On Book Covers and Prussian Blue
You might wonder how I got my book cover idea. It is a perfect blend of Prussian Blue, Titian Venice-inspired light, the Trinity, and the book cover of my dad’s 1980’s book, Culture in Christian Perspective, served up under the capable book design of Mark Eddy Smith.
Mark is a friend of ours from old writers’ group days in the 1990’s in Wheaton, IL. A humorous and kind friend and writer, he got his start typesetting in “The Job,” a “graphic design” job that multiple men in our group held doing design for La Leche League. This was irony in that we were none of us part of the child-bearing years at that point in time, but it definitely opened my eyes to the glories of motherhood, more on which later.
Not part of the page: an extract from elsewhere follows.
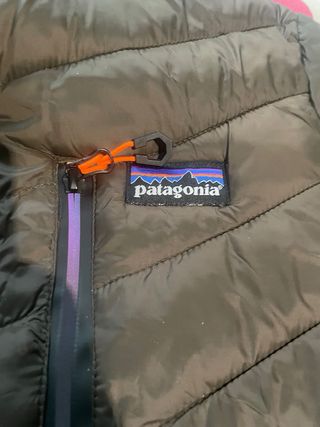 Anorak Patagonia Marrón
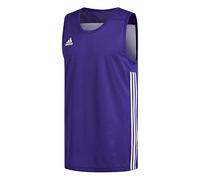 adidas Mens 3G Speed Reversible Basketball Jersey Collegiate Purple/White 3XL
Mark is also a talented book cover designer, and he took my requests and specificity…
Bible as Literature Workbook Cover
…and came up with a book design I love. It reminds me of my dad’s Culture in Christian Perspective cover, a good nod to the collaboration of this book, The Bible as Literature Workbook, that came of the gift of all his teaching notes and my head for homeschool and Christian school curriculum design.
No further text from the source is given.